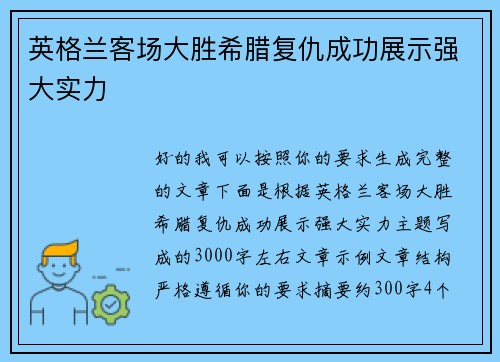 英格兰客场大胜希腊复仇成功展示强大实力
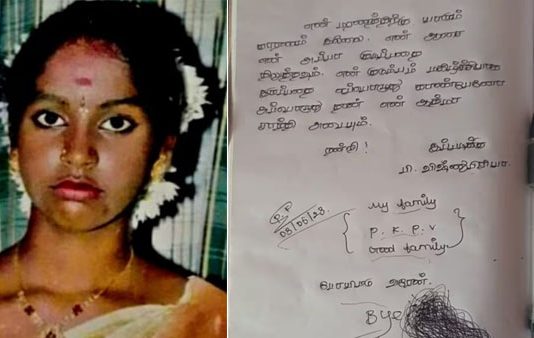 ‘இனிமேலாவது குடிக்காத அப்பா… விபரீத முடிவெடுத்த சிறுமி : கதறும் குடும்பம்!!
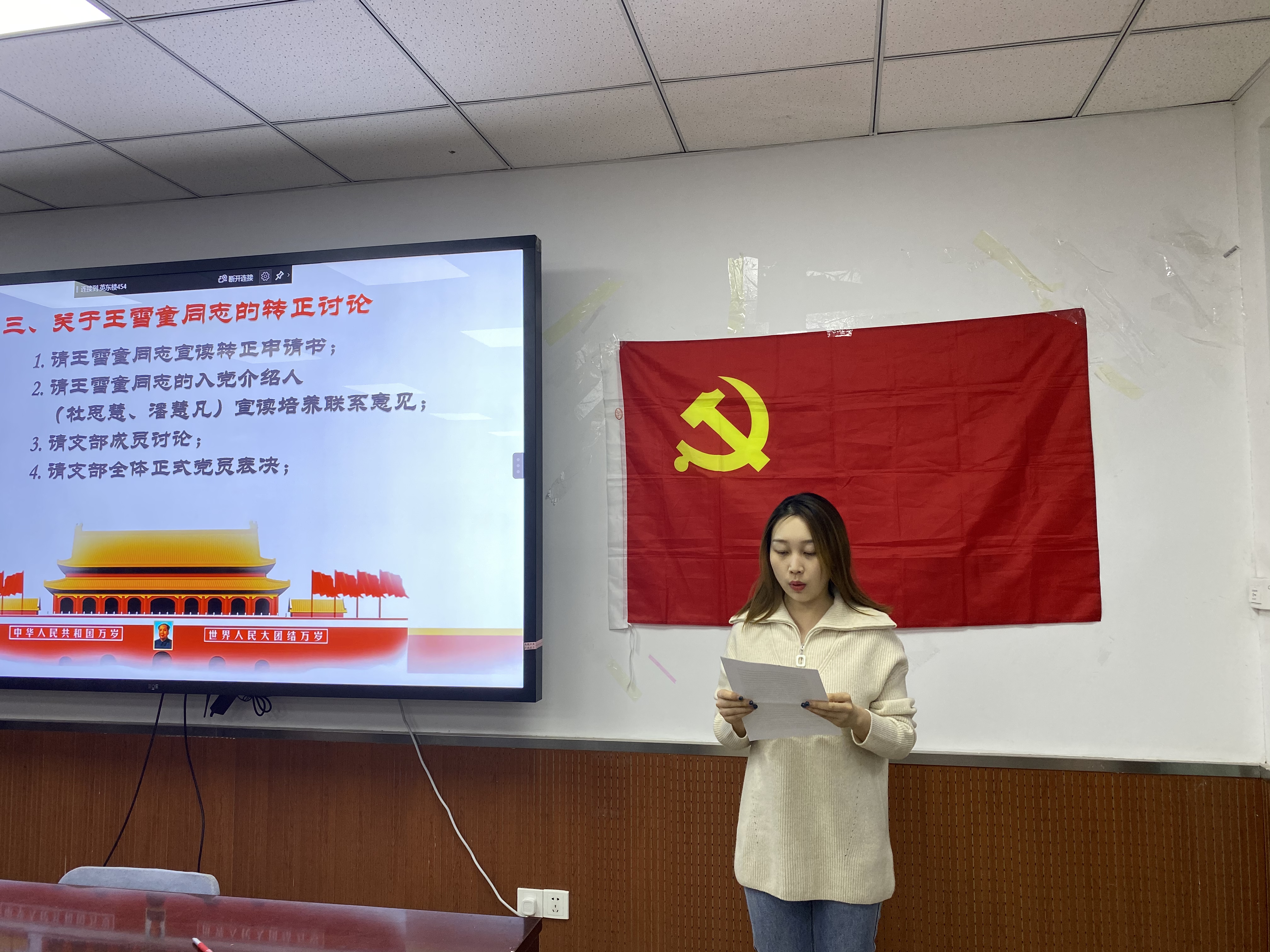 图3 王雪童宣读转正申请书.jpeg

---

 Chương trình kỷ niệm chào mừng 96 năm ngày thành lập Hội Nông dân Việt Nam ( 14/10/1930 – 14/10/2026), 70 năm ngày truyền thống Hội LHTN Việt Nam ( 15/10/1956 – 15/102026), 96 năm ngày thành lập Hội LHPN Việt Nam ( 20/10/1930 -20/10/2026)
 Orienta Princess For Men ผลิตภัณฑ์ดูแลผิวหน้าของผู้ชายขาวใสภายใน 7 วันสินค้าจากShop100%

§ **Required action**
Beginning with the line above that contains "英格兰客场大胜希腊复仇成功展示强大实力" and ending with the line that contains "图3 王雪童宣读转正申请书.jpeg", quote each line exactly, keeping out the pictures.

§ **Answer area**
 英格兰客场大胜希腊复仇成功展示强大实力
 ‘இனிமேலாவது குடிக்காத அப்பா… விபரீத முடிவெடுத்த சிறுமி : கதறும் குடும்பம்!!
 图3 王雪童宣读转正申请书.jpeg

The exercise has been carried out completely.